Why I Write Historical Fiction
I have always felt a strong connection to the past.
As a child, mythical stories like “Chylde Roland and the Goblin King” or “Jack the Giant Killer” sparked my imagination, and I spent hours leaping through the forests of our farm swinging a wooden sword. I lived and breathed Middle Earth, not because of the wizards and dragons and orcs that spawned thousands of pages of subsequent fantasy literature, but because of the realness of it all. I knew it was fantasy, and yet I also believed in the existence of Tolkien's creation.
Perhaps this is because, in a way, Tolkien’s world did exist. It is well known that the inception of Middle Earth began with the pipe-smoking professor’s interest in ancient languages and mythology. It is this connection to the Germanic and Celtic stories and cultures of the distant past that makes Tolkien’s fantasy world feel so real.
There is a romantic appeal in the ancient past, a world uncluttered by corporations, mass media, pollution, concrete and power lines, where Nature is still sacred and unsullied. And figures like Robin Hood, King Author, Merlin, and Cuchulainn bring the archetypes of our collective unconscious roaring to the surface. We imagine a world of champions and heroes, where gods talked directly to men, and we yearn to be a part of it.
At about eight years old, I became fascinated with the Native Americans. I read folktales, history books, literature, anything that could bring this romantic past to life, and when that wasn’t enough I started to recreate my own Iroquois nation in the woods and fields on our property. I made leather moccasins, warrior feathers, tomahawks and pipes, fishing spears, even my own Wigwam.
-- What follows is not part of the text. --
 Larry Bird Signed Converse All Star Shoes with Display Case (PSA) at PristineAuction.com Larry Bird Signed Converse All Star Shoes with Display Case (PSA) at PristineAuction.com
When I eventually decided that running around with a sock between my legs was no longer “cool,” I turned to writing.
So that is what I do: I try to recreate the ancient path through words on a page.
My current obsession is with the Celtic World, specifically Gaul in the 1st century B.C. I am deeply involved in the process of writing my first historical fiction novel, and my goal is to tell a great story and recreate in splendid detail a world that we still hear speaking to us in our language, our myths and stories, and our collective unconscious.
It is a difficult task, because what we know is limited to a few surviving texts, interpretations of archeological remains, and conjecture based on later Irish Celtic rituals and writings. I intend to remain as accurate as possible, and will chronicle my journey through the mists of time as I wrestle with sources, struggle with interpretations, and agonize over creative choices.